Please copy every line below that contains the string "Value".

**Records for the exercise**:
• • •

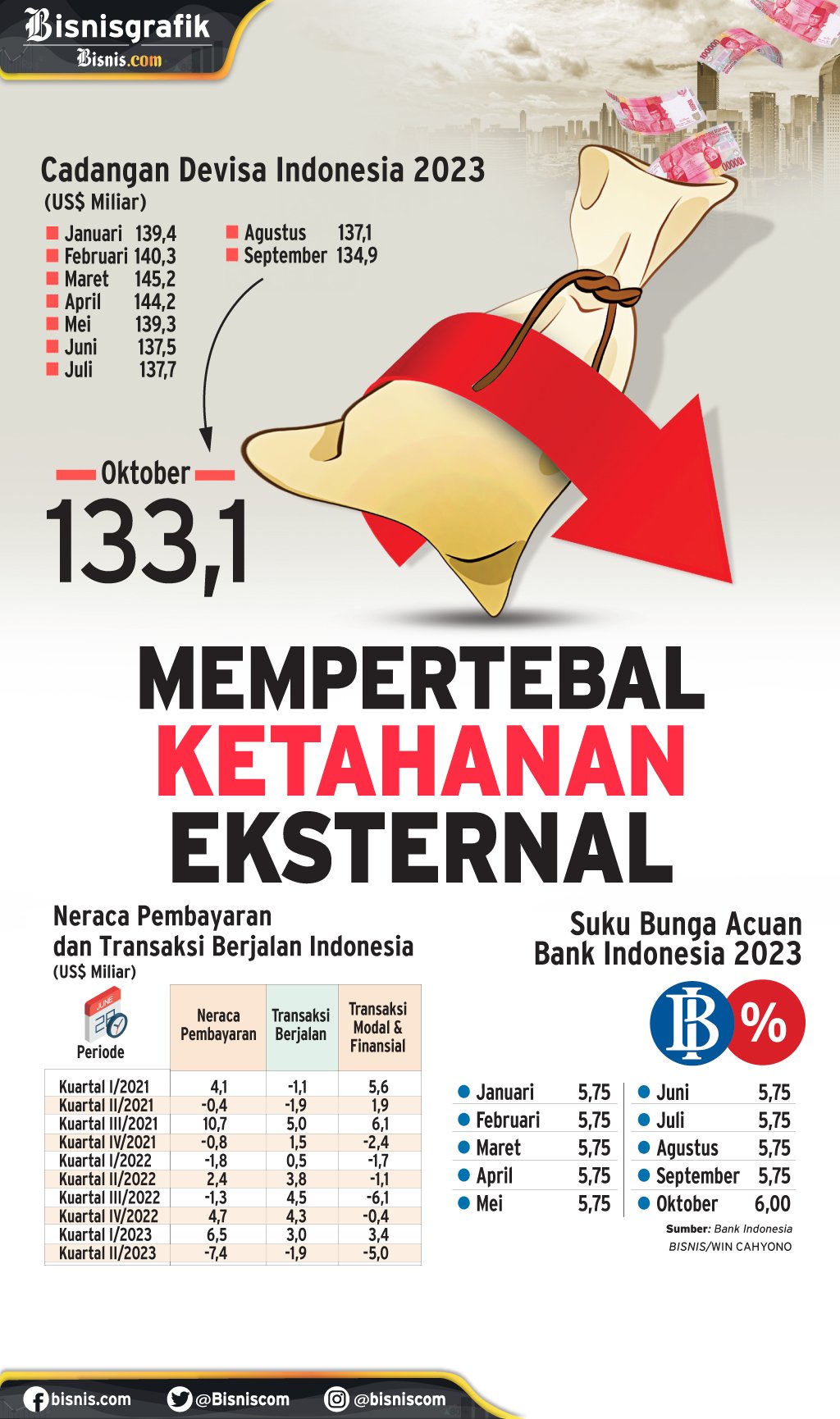 NERACA PEMBAYARAN INDONESIA : Mempertebal Ketahanan Eksternal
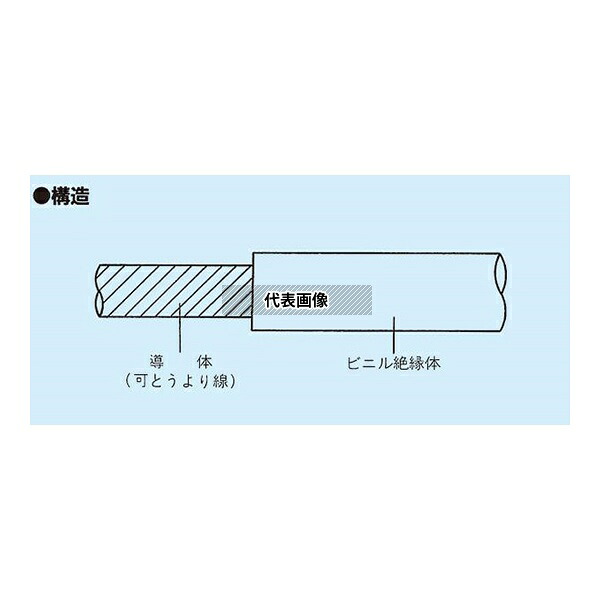 フジクラ KIV 8 SQ 600V 電気機器用ビニル絶縁電線 20m/巻 黒｜セミプロＤＩＹ店ファースト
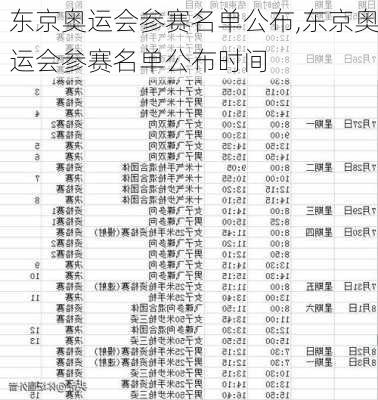 东京奥运会参赛名单公布,东京奥运会参赛名单公布时间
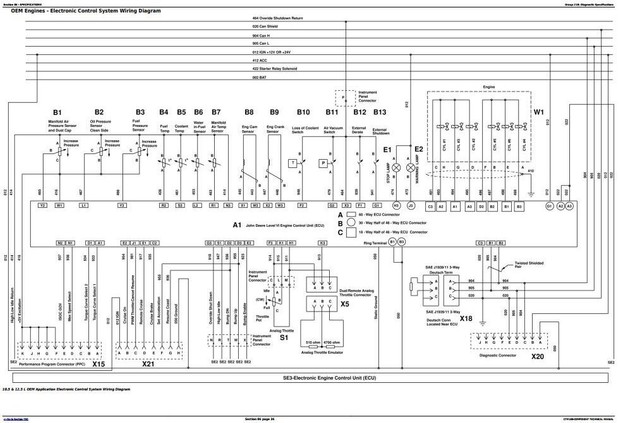 PowerTech 10.5 L, 12.5 L Diesel Engines Electronic Fuel Systems w Lucas EUIs Service Manual (CTM188)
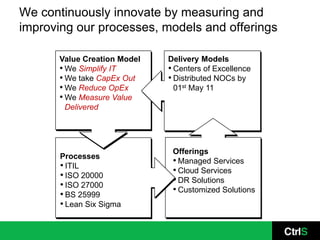 We continuously innovate by measuring and
improving our processes, models and offerings

       Value Creation Model   Delivery Models
       • We Simplify IT       • Centers of Excellence
       • We take CapEx Out    • Distributed NOCs by
       • We Reduce OpEx         01st May 11
       • We Measure Value
         Delivered




                               Offerings
       Processes
                               • Managed Services
       • ITIL                  • Cloud Services
       • ISO 20000             • DR Solutions
       • ISO 27000             • Customized Solutions
       • BS 25999
       • Lean Six Sigma
 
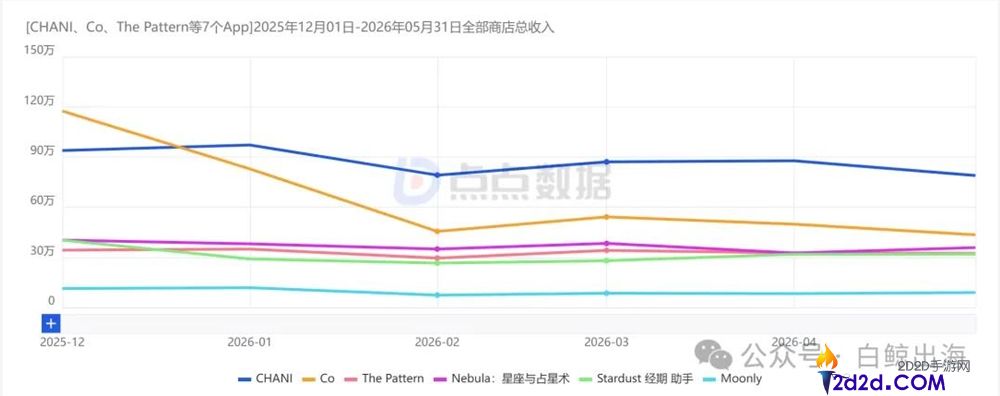 年轻人无需App和占星师,轻松通过「复制粘贴」算命方法揭秘运势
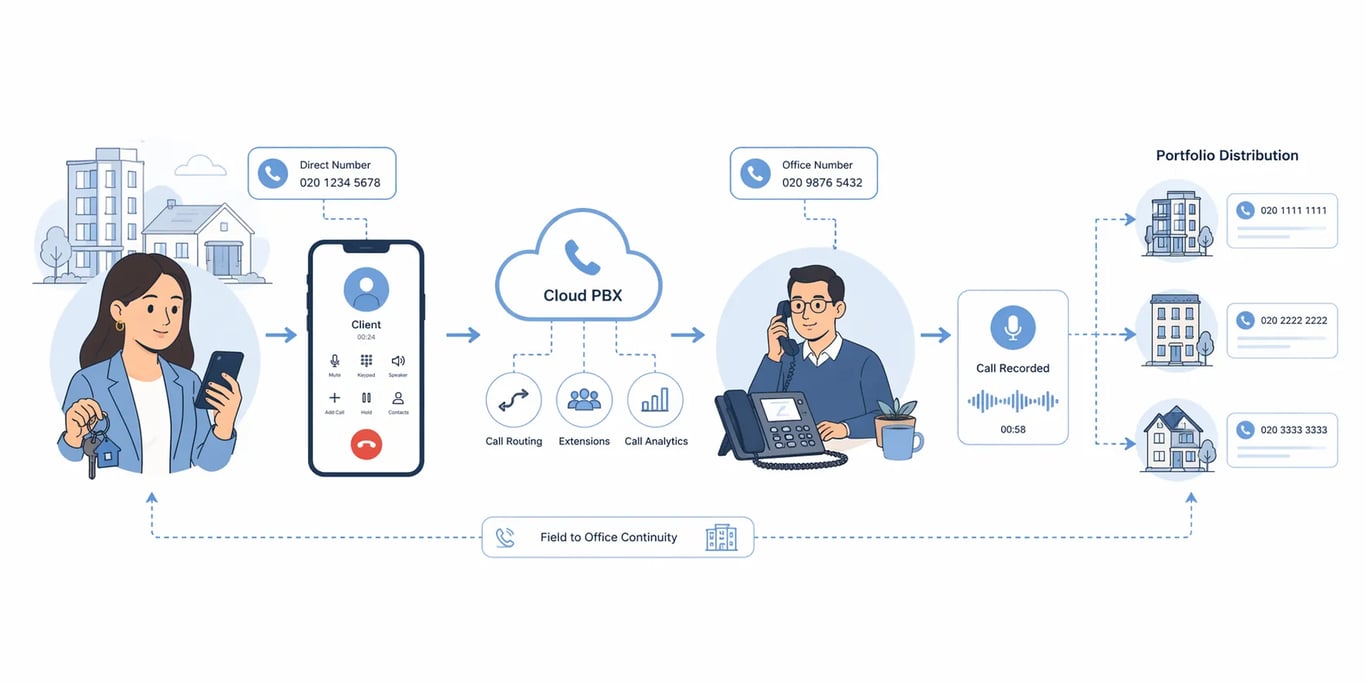 Cloud PBX for Real Estate and Property Management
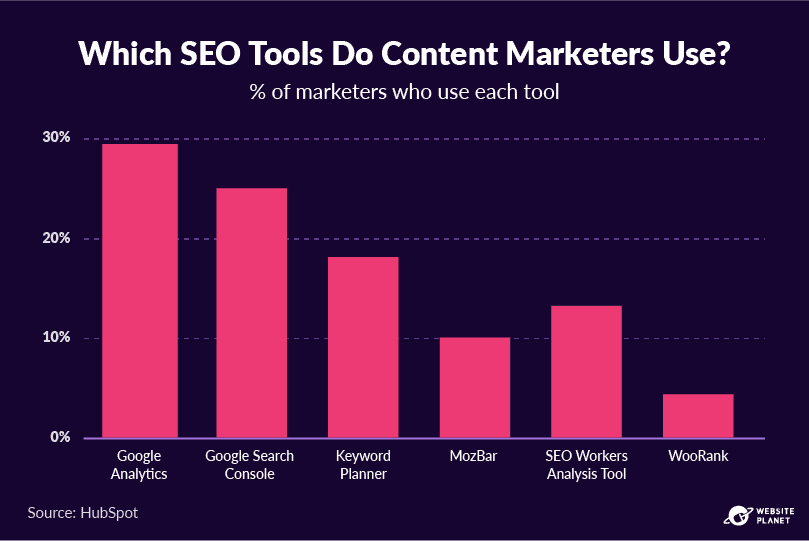 copy-of-blogging-statistics-51.png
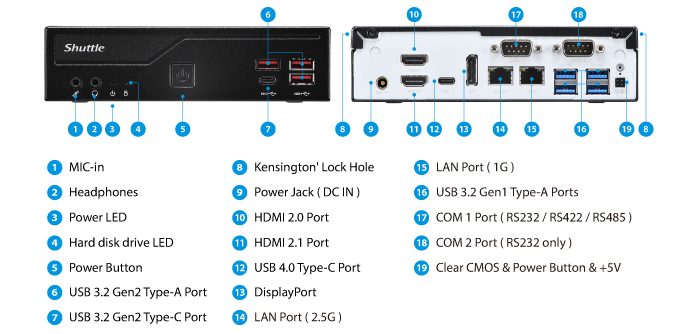 Hệ thống I/O toàn diện cho doanh nghiệp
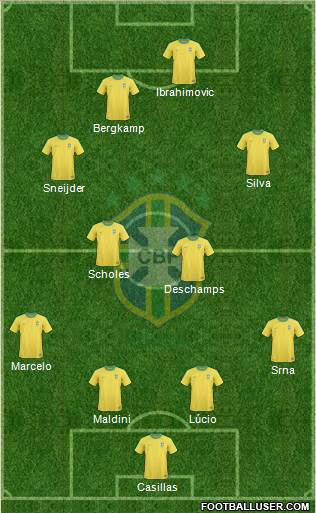 Brazil Formation 2013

• • •

**Output below**:
       Value Creation Model   Delivery Models
       • We Measure Value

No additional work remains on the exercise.